Description David Dorwin 2014-01-22 23:12:53 UTC
This bug is half of what bug 18515 was originally. I'm breaking playback behavior out because it seems to be a sizable issue not related to the current text proposal in the other bug.

Bug 18515 covers the app-visible events and attributes when blocked waiting for the key for an encrypted block.

This bug tracks the user-visible playback experience in that case. Most importantly, what happens when only a subset of the streams are blocked waiting for a key.

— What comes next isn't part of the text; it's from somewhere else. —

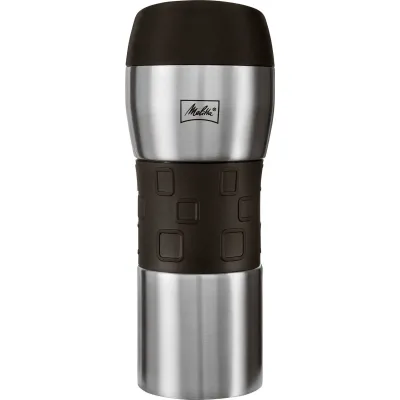 Melitta Termokop SST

(From my original description in bug 18515)
> Some questions to address:
...
> 3) What should happen to playback if not all streams need a key to continue?
> 4) If playback is suspended in one media element, how does this affect an
> associated MediaController?
> 
> Related to the last two questions above, should user agents drop frames or
> suspend playback when at least one but not all streams need a key to
> continue? Dropping frames may be desirable if some content (i.e. audio) can
> be played without the missing key, but continuing one stream may not be
> possible in some implementations (i.e. if an audio stream needs a key).
> Choosing to drop frames may also mean that, for example, the initial video
> frames are never displayed in some use case and media combinations.
> 
> Some specific scenarios to consider:
>  A) Video needs a key but audio does not.
>  B) Audio needs a key but video does not.
>  C) There is more than one audio or video stream.
>  D) A video or audio stream that is not being rendered needs a key.
New:
E) Do we need to worry about text track data? Is there a scenario where we should block for such data?
> 
> Note that if audio is driving playback (time) then playback will probably
> continue in the first scenario unless explicitly paused. This behavior would
> be different than the opposite (second) scenario.
> 
> In all cases, playback should resume when the key is provided.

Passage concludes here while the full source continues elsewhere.